Taraflar arasındaki boşanma davasından dolayı yapılan yargılama sonunda İlk Derece Mahkemesince davanın kabulü ile tarafların boşanmalarına ve fer'îlere karar verilmiştir.

Kararın taraf vekilleri tarafından istinaf edilmesi üzerine, Bölge Adliye Mahkemesince kadının başvurunun kısmen kabulü ile İlk Derece Mahkemesi hükmünün ilgili bölümlerini kaldırılarak yeniden esas hakkında hüküm kurulmak suretiyle karar verilmiş, erkeğin istinaf başvurusunun ise esastan reddine karar verilmiştir.

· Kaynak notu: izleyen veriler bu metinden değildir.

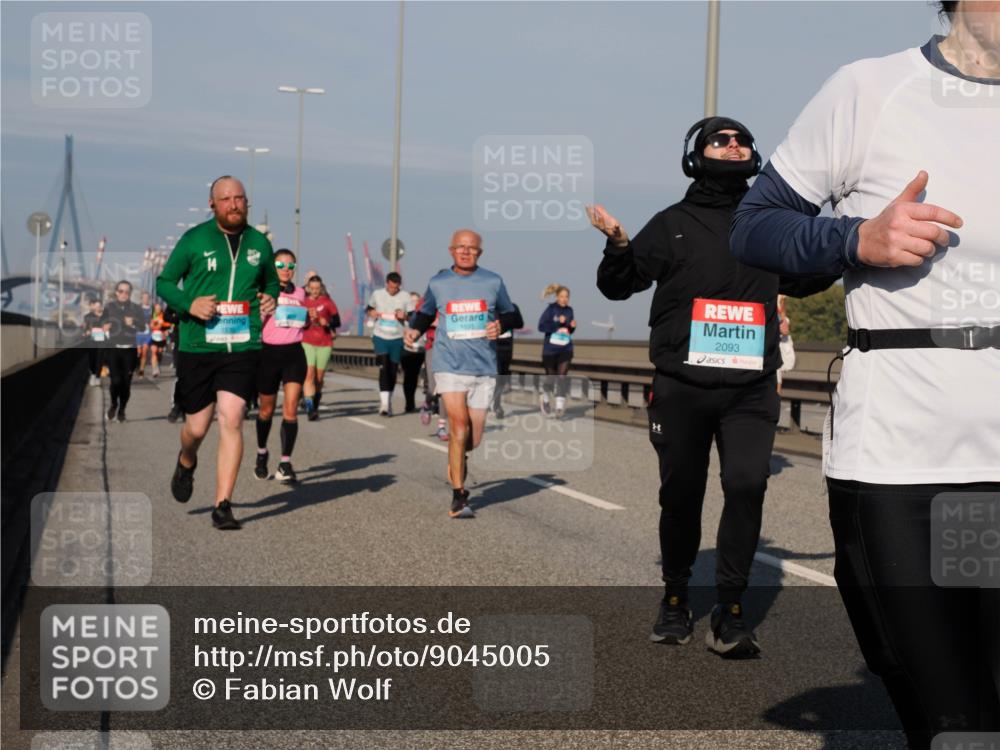 03.10.2025 - Köhlbrandbrückenlauf Fabian Wolf http://msf.ph/oto/9045005 03.10.2025 09:57:31 Position 3 2093 meine-sportfotos.de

Bölge Adliye Mahkemesi kararı taraf vekilleri tarafından temyiz edilmekle; kesinlik, süre, temyiz şartı ve diğer usul eksiklikleri yönünden yapılan ön inceleme sonucunda, temyiz dilekçesinin kabulüne karar verildikten ve Tetkik Hâkimi tarafından hazırlanan rapor dinlendikten sonra dosyadaki belgeler incelenip gereği düşünüldü:

I. DAVA

Davacı kadın vekili dava dilekçesinde; birçok kez erkekten fiziksel şiddet gördüğünü, hatta kolluk kuvvetlerinin kadını kurtarmak için erkeği bacağından vurmak zorunda kaldıklarını, sürekli hakaret ettiğini, alkol kullandığını, pavyon alışkanlığı olduğunu, kadını kovduğunu, tehdit ettiğini, ailesine hakaretler ettiğini, başka kadınlarla ilişkisi bulunduğunu ileri sürerek tarafların 4721 sayılı Türk Medeni Kanunu'nun (4721 sayılı Kanun) 166 ncı maddesinin birinci fıkrası gereği boşanmalarına, velâyetin anneye bırakılması, kadın lehine aylık 2.000,00 TL tedbir ve yoksulluk nafakası ile 75.000,00'er TL maddî-manevî tazminatın faiziyle birlikte tahsili ve ortak çocuk lehine aylık 2.000,00 TL tedbir ve iştirak nafakasına karar verilmesini talep ve dava etmiştir.

II. CEVAP

Davalı erkek vekili cevap dilekçesinde; aleyhe iddiaların doğru olmadığını, kadının en ufak tartışmayı büyüterek evi terk etmeyi alışkanlık haline getirdiğini, sıklıkla erkek aleyhine asılsız suç duyurularında bulunduğunu, dava dilekçesinde dayanılan birçok olayın asılsız olduğunu, kaldı ki daha önce kadının aynı olaylara dayanarak açtığı boşanma davasından sonra tarafların barışarak bir araya geldiğini, affedilen olaylara dayanılmasının söz konusu olamayacağını belirterek haksız davanın reddine karar verilmesini talep etmiştir.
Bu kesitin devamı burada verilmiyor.